Both randomized trials were designed to establish noninferiority of a device-based strategy versus warfarin for a composite primary efficacy endpoint. To evaluate benefit-risk ratio, the PROTECT AF and PREVAIL data sets were combined with all available follow-up and analyzed as a traditional patient-level meta-analysis. Fully utilizing the data from both trials while accounting for the fact that they are different studies facilitates more robust exploration of the role of covariates.
This meta-analysis of these 2 studies is appropriate because both studies randomized subjects to the same treatment strategies (Watchman vs. warfarin) and primary efficacy endpoint definitions. The baseline risk profile in the combined the PROTECT AF and PREVAIL trial population included a somewhat higher risk profile for the PREVAIL trial; subgroup analyses by CHADS2 and CHA2DS2-VASc scores were performed to assess differences in outcome by baseline risk profile. Further, results were stratified with Cox proportional hazards modeling, adjusting for potential baseline risk differences. In addition, the device patients from the registry data were combined with all randomized data in the same fashion. Though registries had no control group, the same criteria around device and primary efficacy definitions apply. Given the variable initiation of recruitment, the PROTECT AF trial patients have the longest follow-up, but registry patients provide the largest number of patients.
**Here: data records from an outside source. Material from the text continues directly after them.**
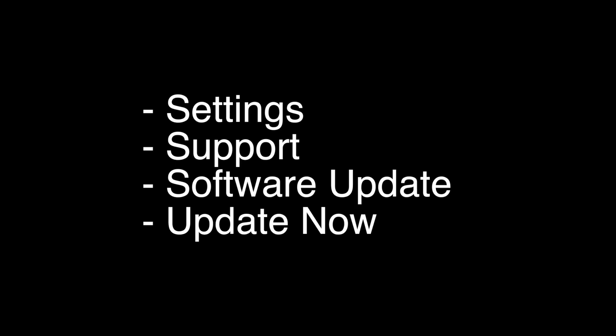The next thing to try is you want to make sure that your software is all up to date. This is very easy to do. You just go to the settings menu, support, software update, and then click on update now.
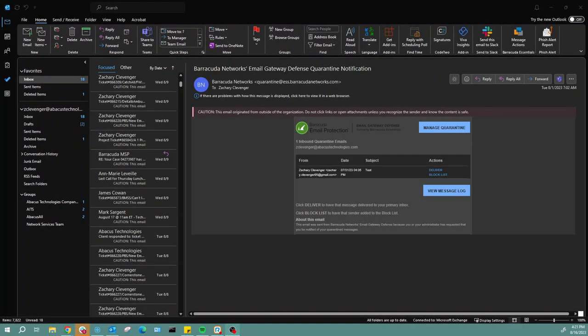Hello everyone, my name is Zachary Clevenger. I'm with Abacus Technologies and today I'm going to show you how to release messages from quarantine in the Barracuda message log.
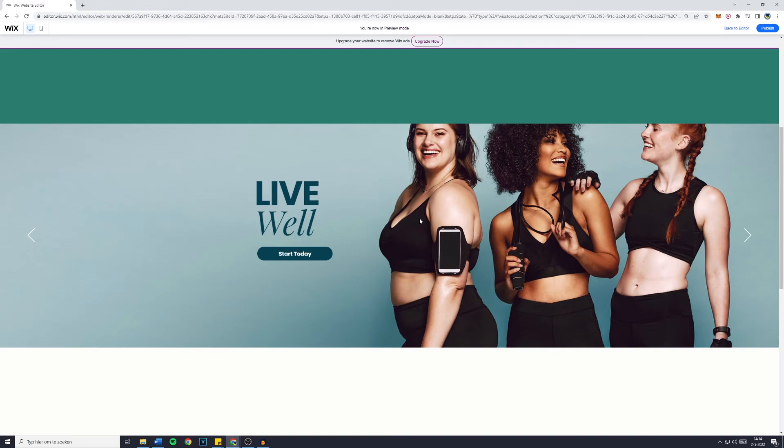And that's how to set up a slider with autoplay on your Wix website. If this worked for you, please let me know in a comment. Just tell me 'this worked for me.'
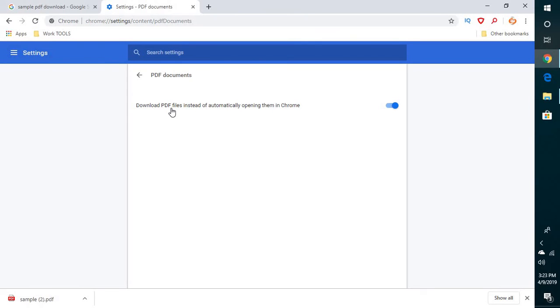which says download PDF files instead of automatically opening them in Chrome, you will have to disable this option until it turns from blue to gray. So once you click on this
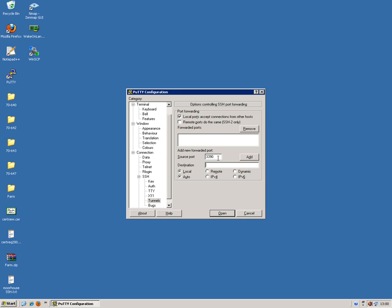And in the destination, I'm going to select the local host, which is 127.0.0.1. And previously, I mentioned about using 2 because 1 is always in use by the console session. So I'm going to use 2 and then colon 3389. I'm going to select that as a remote destination. I'm going to add that to the list.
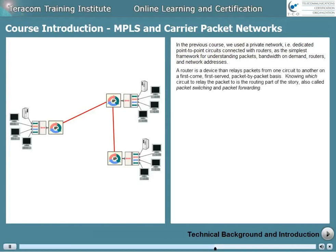A router is a device that relays packets from one circuit to another on a first-come, first-served, packet-by-packet basis. Knowing which circuit to relay the packet to is the routing part of the story, also called packet-switching and packet-forwarding.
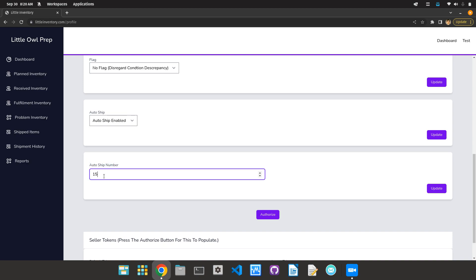This is easy. This is great for those who just want to set it and forget it, just focus on sourcing and sending us items.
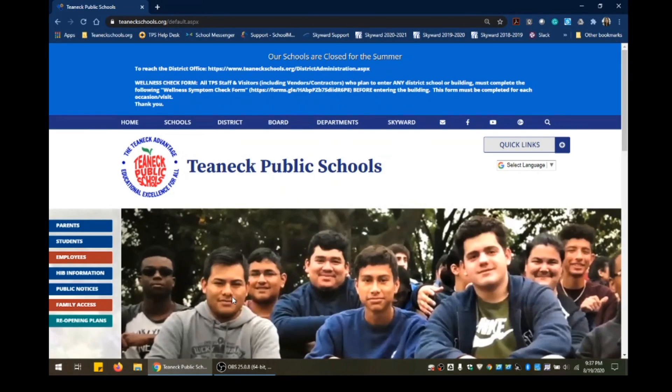Hello, everyone. My name is Sandy Muro, and I am the Coordinator of Information Systems here at Teaneck Public Schools. Today, we're going to talk about Family Access.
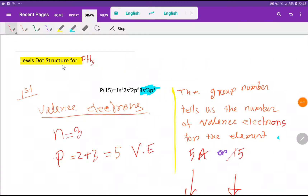Welcome to Chemistry Tutorial 360. Today we would like to draw the Lewis dot structure for phosphorus trihydride, or phosphine. To draw the Lewis structure for phosphorus trihydride, we first have to find out the valence electrons.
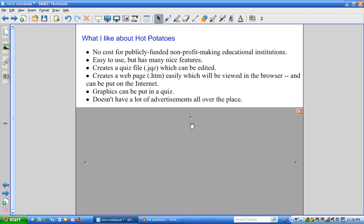Some of the things I like about Hot Potatoes: it is free for public institutions, it's easy to use but has many nice features. You can create a quiz file with a suffix of .jqz which can be edited.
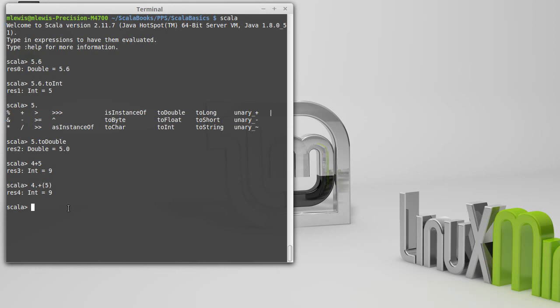We just don't have to put the dot and the parentheses. Anytime that you have a method in Scala, and that method takes a single argument, like plus does, you only pass one thing to it on the right-hand side. You can throw away the dot and the parentheses and simplify the expression.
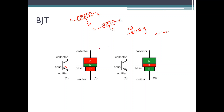Biasing can be done by giving sufficient voltage and current to the respective terminals. By providing the sufficient potential to the terminals of the transistor and making the current flow through them, you can make a transistor turn on. When the expected current flows across the terminals, you say the BJT has been biased or turned on.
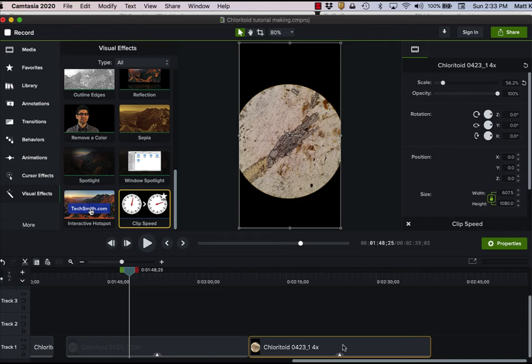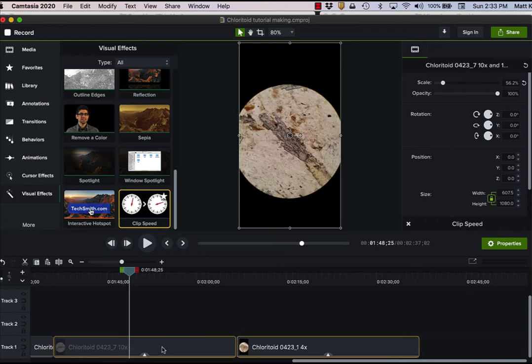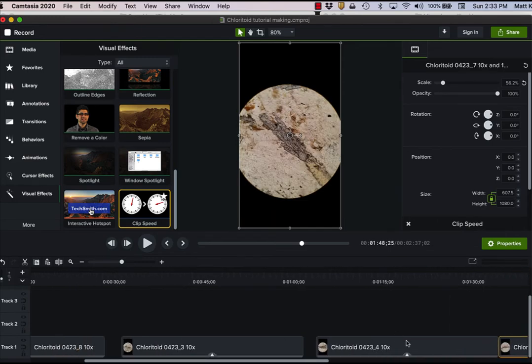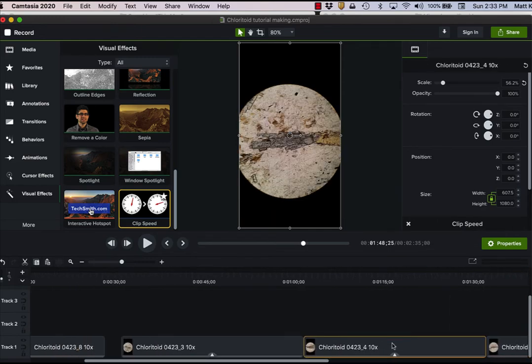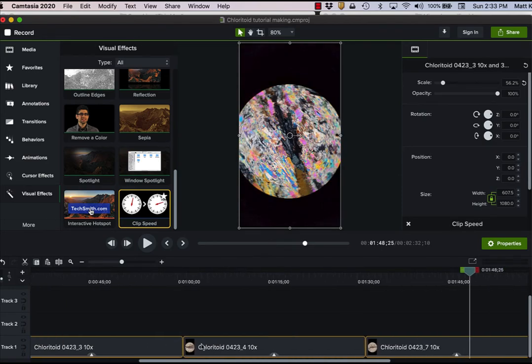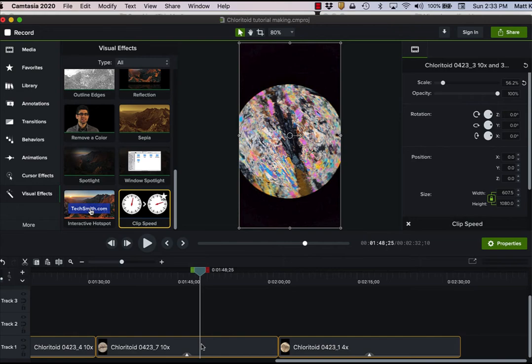And then I drag them together so that they are all together. And so now I have a clip that should be about two and a half minutes long. Perfect.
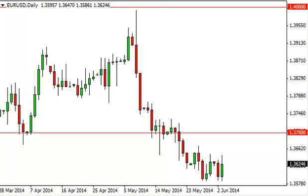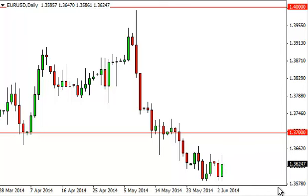Euro dollar daily forecast June 4th, FXEmpire.com. The euro dollar, as you can see, did find buying pressure during the session on Tuesday, hovering around the 1.36 level. This area is probably going to be a magnet for prices simply because the market is waiting on an ECB meeting on Thursday, which is going to be very important, and then the non-farm payroll number. So we think this week is going to be very, very quiet.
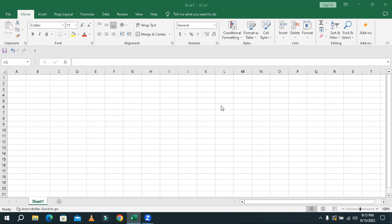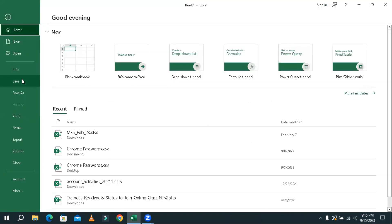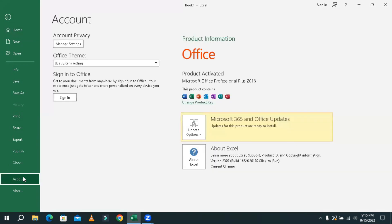To get Microsoft Excel version number, click on the File tab. Now click on Account. And you will get the Microsoft Excel version — Microsoft Office Professional Plus 2016.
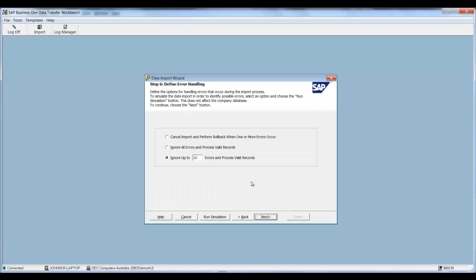Now this brings us to step six where we can cancel the import and perform a rollback when one or more errors occur. So as an example if you're updating a thousand records and say item 998 failed it will actually roll back. So none of the previous records that have been tested will update. You can ignore all errors or you can ignore up to X amount of number of errors.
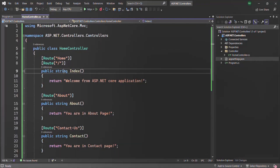Currently, from our action methods, we are returning a string value. But that is not the proper way of specifying the return type for an action method. We already know that when the controller receives an incoming request based on the URL, an action method will be executed. This action method will process the request and send a response back to the client. So the return type of the action method should specify what type of content the action method is going to return to the client in the response body.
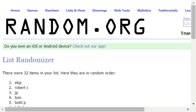Skip and Robert C. Skip is number one, Robert C is number two. Congratulations, everybody. Congratulations.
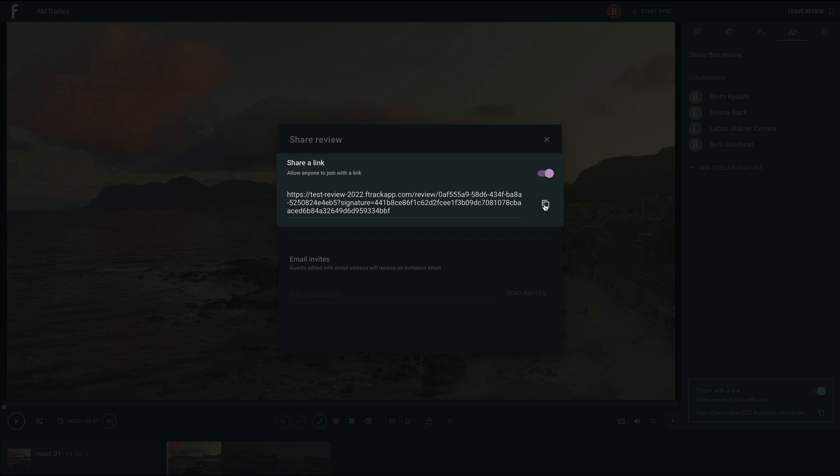For added security, you can ensure passphrase protection is turned on so they have to enter a password before entering.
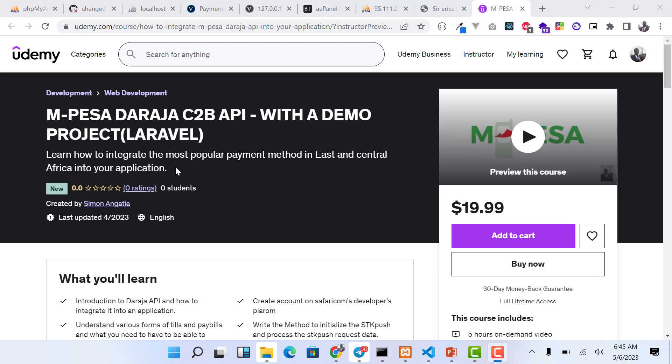In this course we are going to start from the time when you are looking for a till or a paybill. I'll take you through the types of paybill or till, how to apply for them, and which ones work with the API and which ones do not.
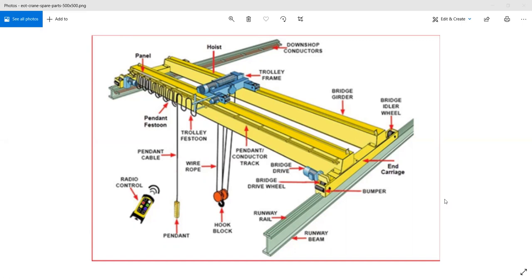Now look at the picture. The whole assembly of the EOT crane is shown in the figure, which gives a brief view of how the installation of the EOT crane is done. There are various panels or runway beams on which it can be moved horizontally. A few bridge girders allow the trolley frame to move vertically, and up-and-down motion is achieved with the help of a motor-gearbox assembly with a hook.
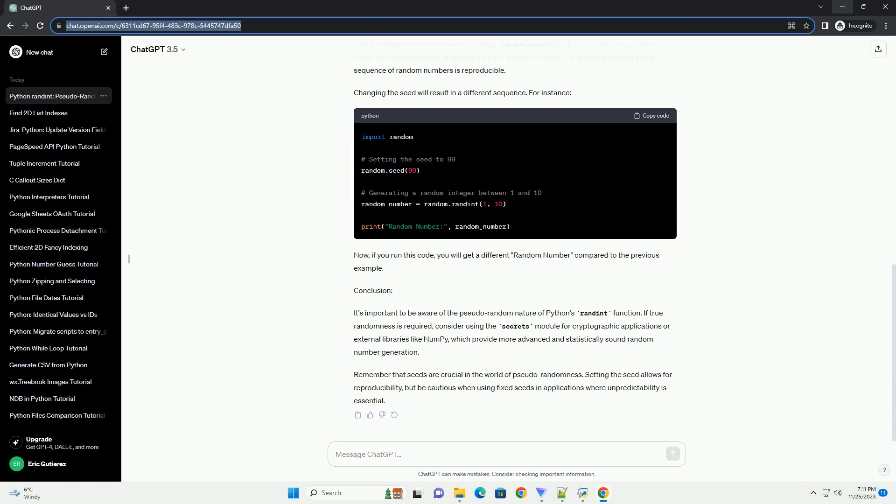If you run this code multiple times, you will always get the same output for random number. The seed ensures that the sequence of random numbers is reproducible.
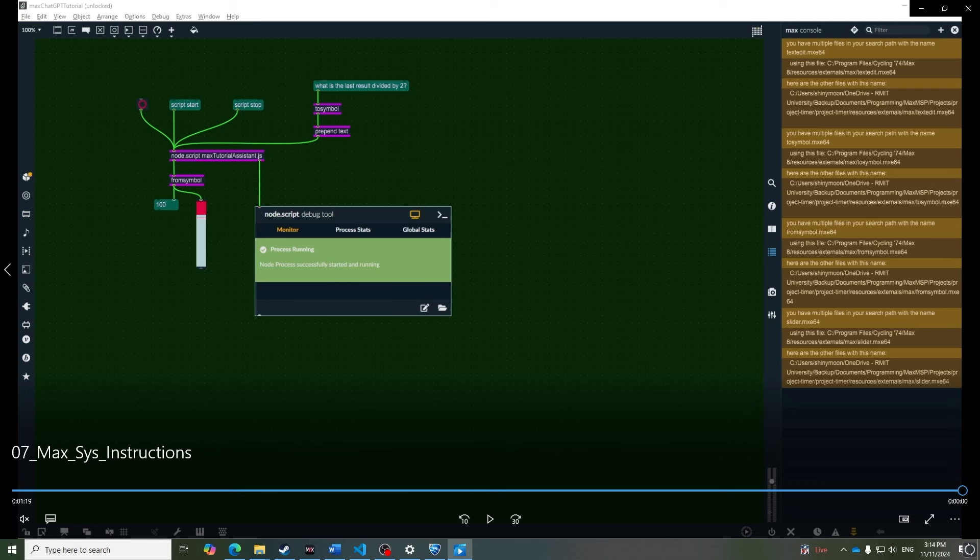This tutorial will show you how to integrate ChatGPT into Max MSP. The code is fairly simple and will look something like this by the end.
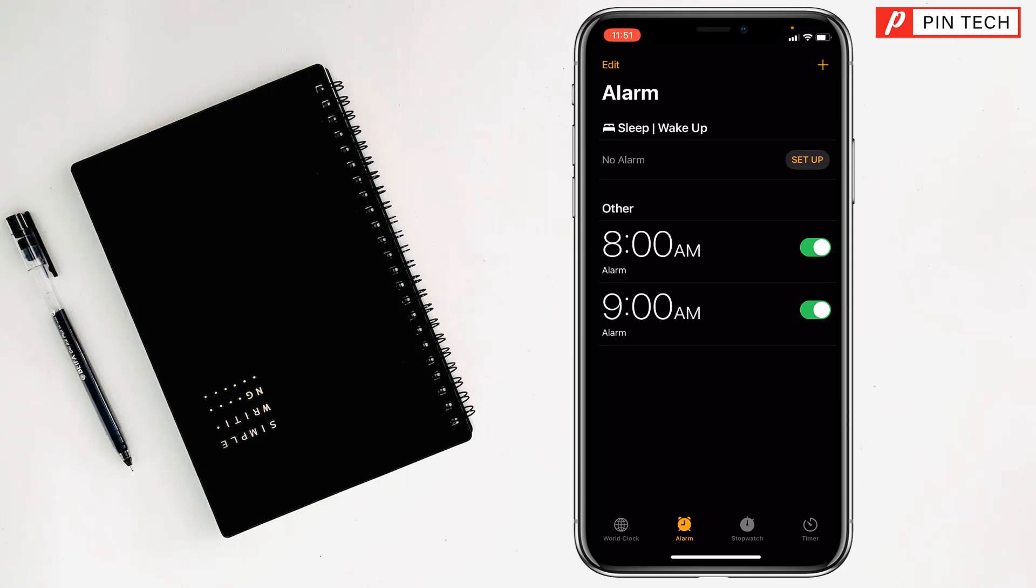So friends, like this you can set multiple alarms on iPhone. If you face any problem, feel free to ask me in the comment box.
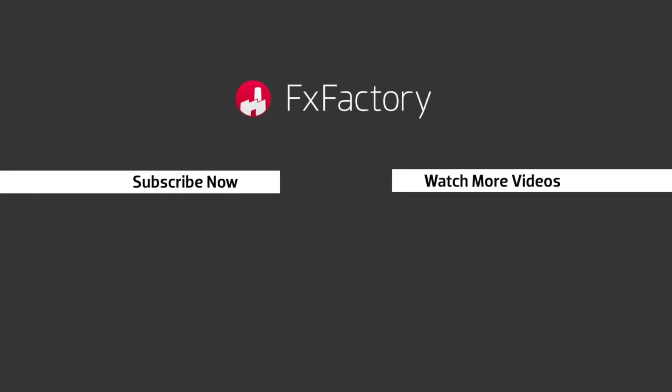Try out a wide range of great audio and visual effects at fxfactory.com.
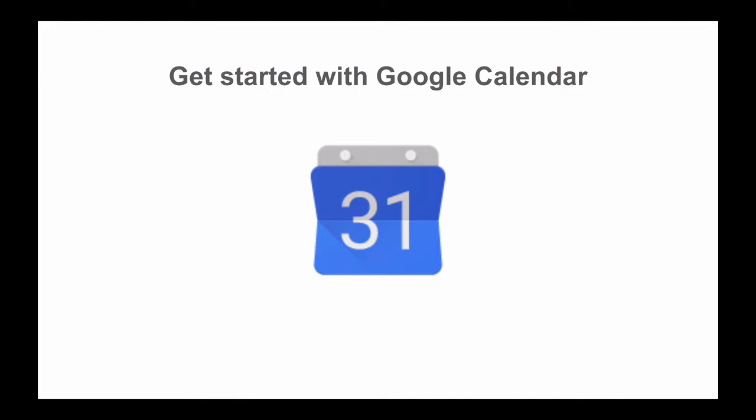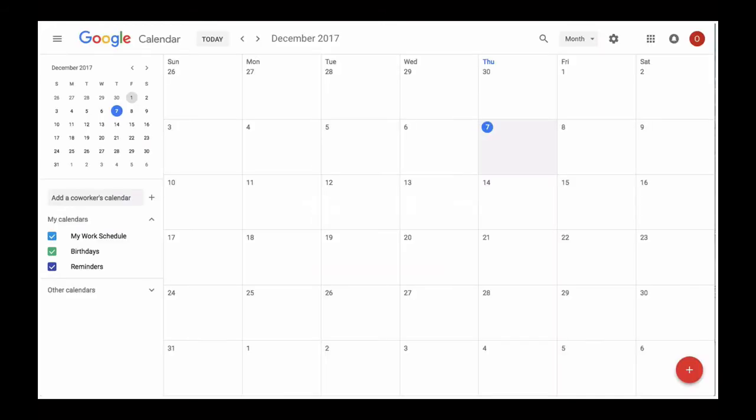But before we start using all of those cool features, let's set up Google Calendar basics first. When you just open your brand new Google Calendar, it will look like the one on my screen. You can see the current month and date on your left upper corner with the list of your calendars below.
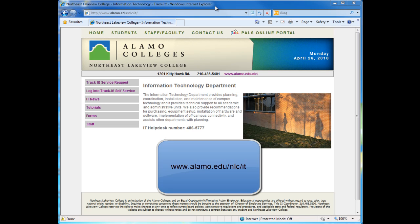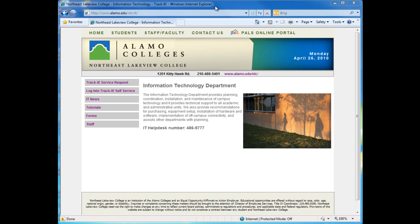First thing you'll need to do is go to www.alamo.edu/nlc/it. Now you're going to click on the Trackit Service Request link.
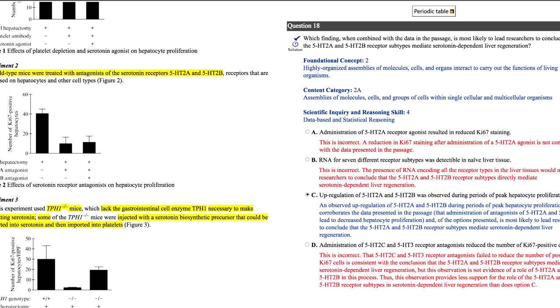For example, when reviewing the biology portion of your practice test, you should make sure to go back to the passage and understand everything about the tables and graphs that are shown. Even if there's not a question directly on that row or column in the table, you should still make an effort to figure out what's going on there, because that can possibly help you on the actual test.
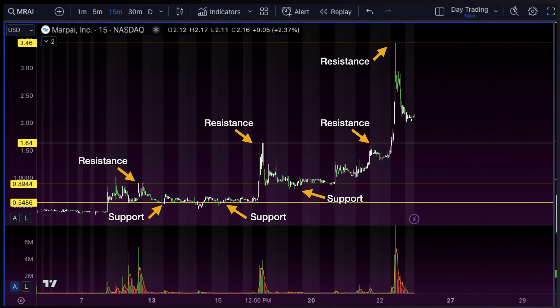These areas are going to be important to identify because they represent important points in time where there has been a shift in buying interest versus selling interest. We can use these areas to help anticipate future price movement, because if prices had trouble going up or down at certain price levels in the past, then it's likely they'll have a short-term predictable reaction to those levels again, where we can try to profit from.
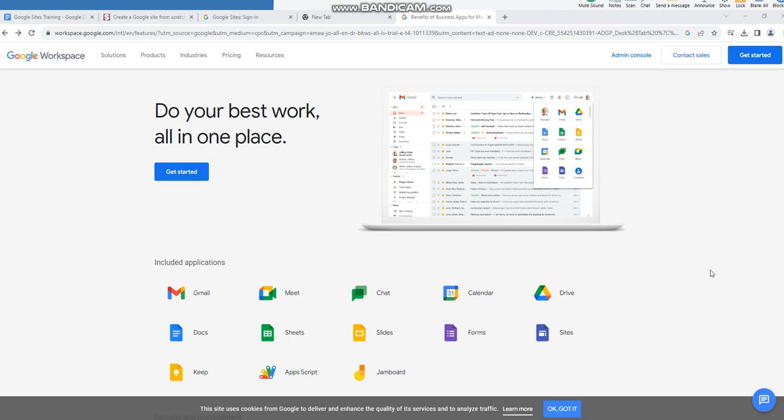Hello, hello my lovely students, how are you? How are we having a wonderful week? In this week's lessons, we are going to cover different topics. The first topic is going to be about Google Sites. So what is Google Sites?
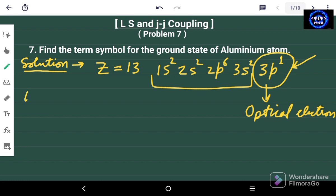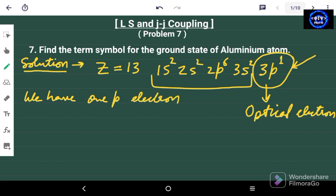We have one p electron, which is also the optical electron. We know from the Hartree approximation that the energy of an atom is determined by the configuration of the optical electron. Since we have a single p electron, the value of small l, the orbital quantum number, is equal to 1.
Analyses were intent-to-treat, censoring data from patients without events at the time of the last known status. A Cox proportional hazards model with confidence intervals (CIs) was used for comparison of event rates. For the analysis including the randomized trials, this model was stratified by study (PROTECT AF or PREVAIL) in order to account for differences in risk profiles. For the analysis including all 4 data sets, studies were treated as "clusters" in order to account for correlation among patients within studies. The Kaplan-Meier method was used for graphical assessment of time-dependent events. Results are presented using frequentist statistics and 2-sided p values nominally significant at p < 0.05 with no adjustments for multiple comparisons.